Traditional FWI Methods Provide Shallow Velocity Models
Although well established as part of the velocity model building flow, most successful applications of FWI to date have been limited to shallow water environments. This can be attributed to the fact that typical implementations rely heavily on refracted energy or diving waves. Put this together with the offset limitations that exist in seismic data, streamers and nodes alike, it follows naturally that shallow settings lend themselves easiest to being addressed by FWI as they are better sampled by refractions. FWI inverts for the velocity model by solving a nonlinear inverse problem minimizing the difference between modeled data and recorded field data. The matching is quantified by the residuals of a least-squares objective function, and the model update is computed as a scaled representation of its gradient.
Using Reflections to Build High-resolution Velocity Models at Greater Depths
To move beyond the typical limitations outlined above, PGS has reformulated their FWI algorithms to include reflected energy to retrieve long-wavelength updates. The fundamental idea is to compute a gradient in which undesired reflectivity i.e. migration isochrons are eliminated, and the full wavefield can be used in FWI to produce high-resolution velocity models that accurately predict refractions and reflections. This is a key step when using these velocity models for depth migration and imaging.

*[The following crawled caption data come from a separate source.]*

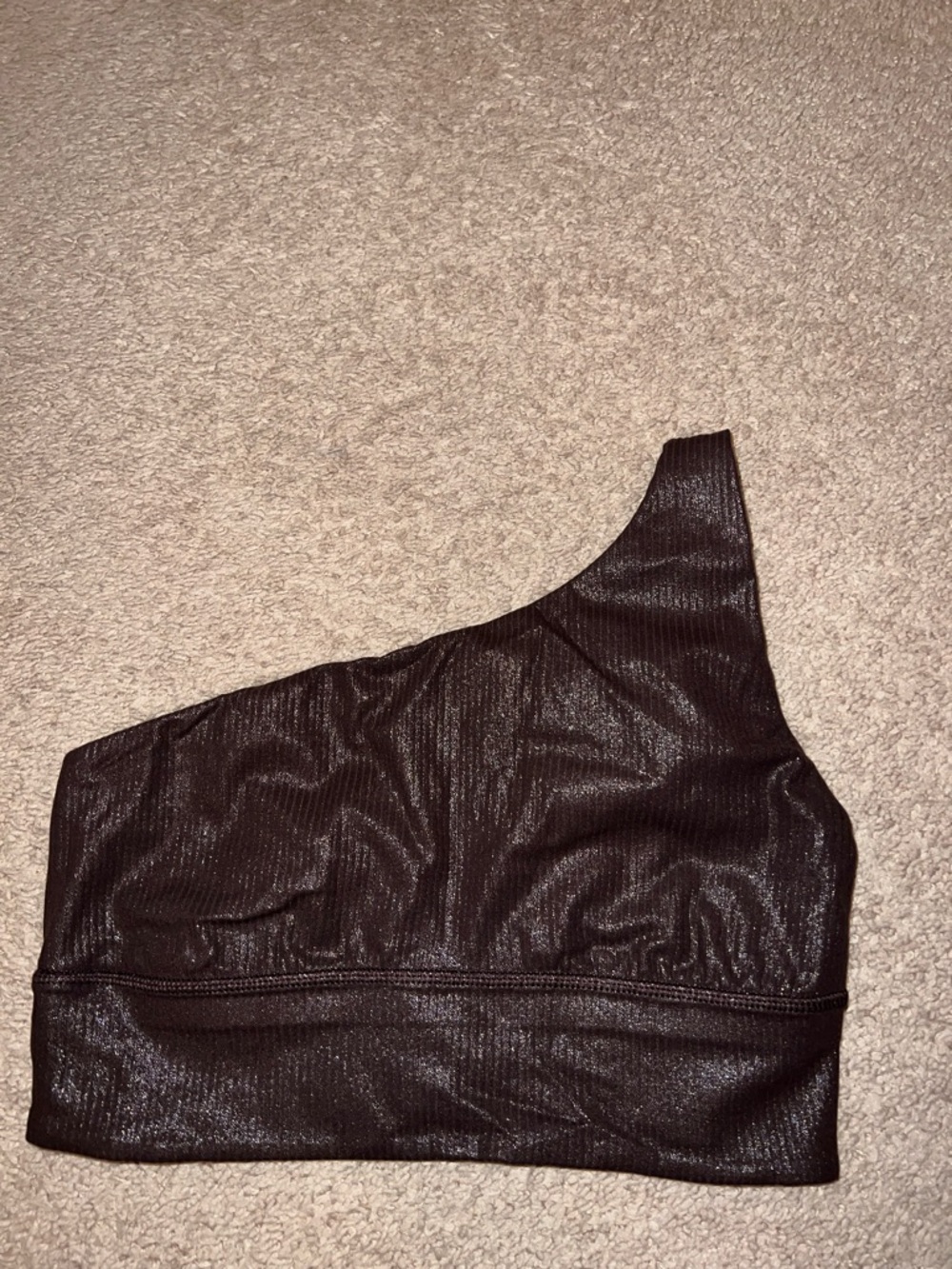 One-Shoulder Shimmery Lululemon sports bra — Dark Brown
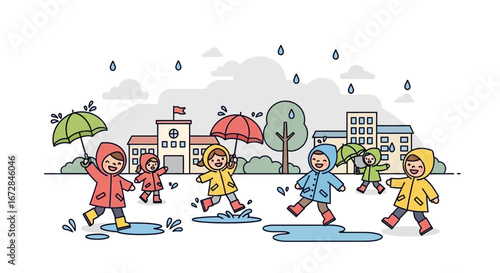 Joyful Children Playing Outdoors in Rain, Enjoying Puddles and Colorful Umbrellas
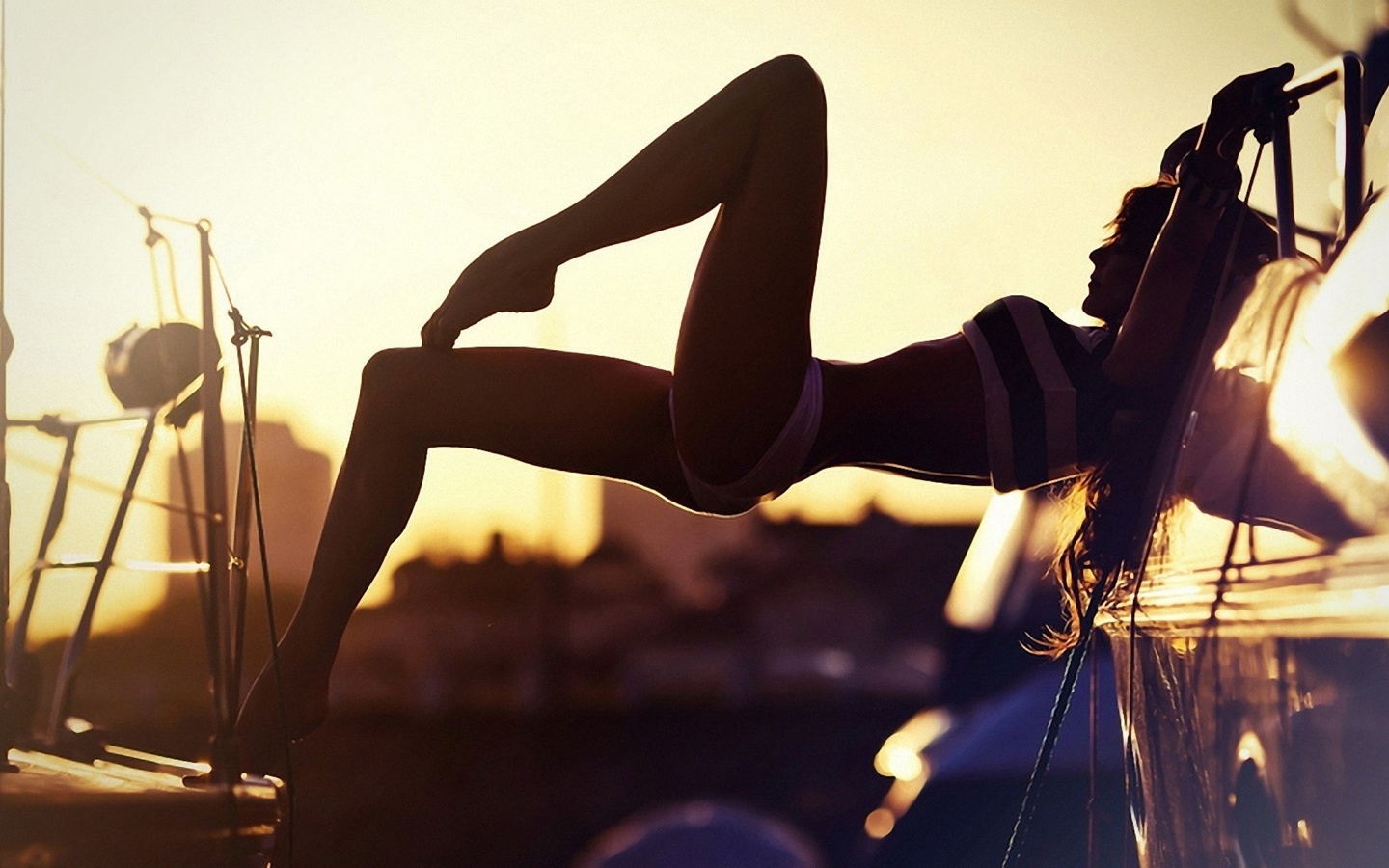 sunset, barefoot, ship, anna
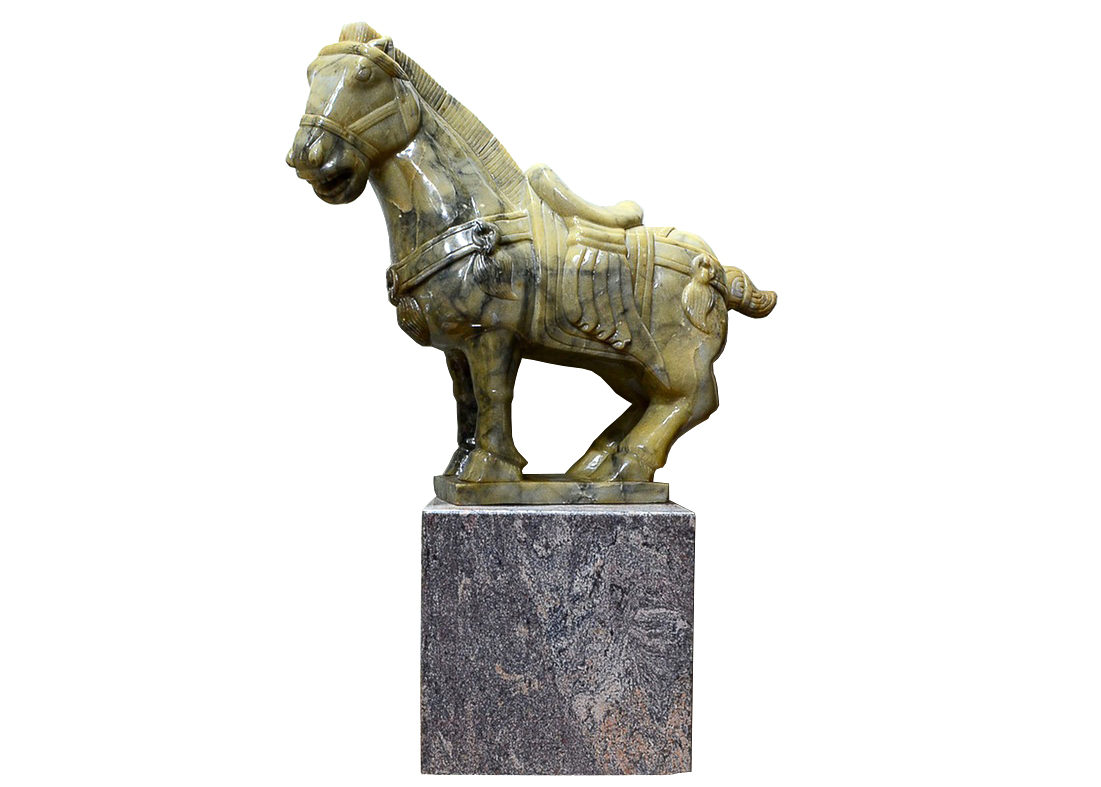 Tang Dynasty Style Jade Horse Sculpture on Marble Plinth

PGS FWI separates the low from the high wavenumber components in the gradient so that long wavelength velocity updates are delivered at depths greater than the penetration depth of the diving waves. In our implementation of FWI, these improvements to the physics of FWI are complemented by the introduction of new and robust regularizations schemes to stabilize the solution to the inversion step, i.e. improving the mathematics of the implementation.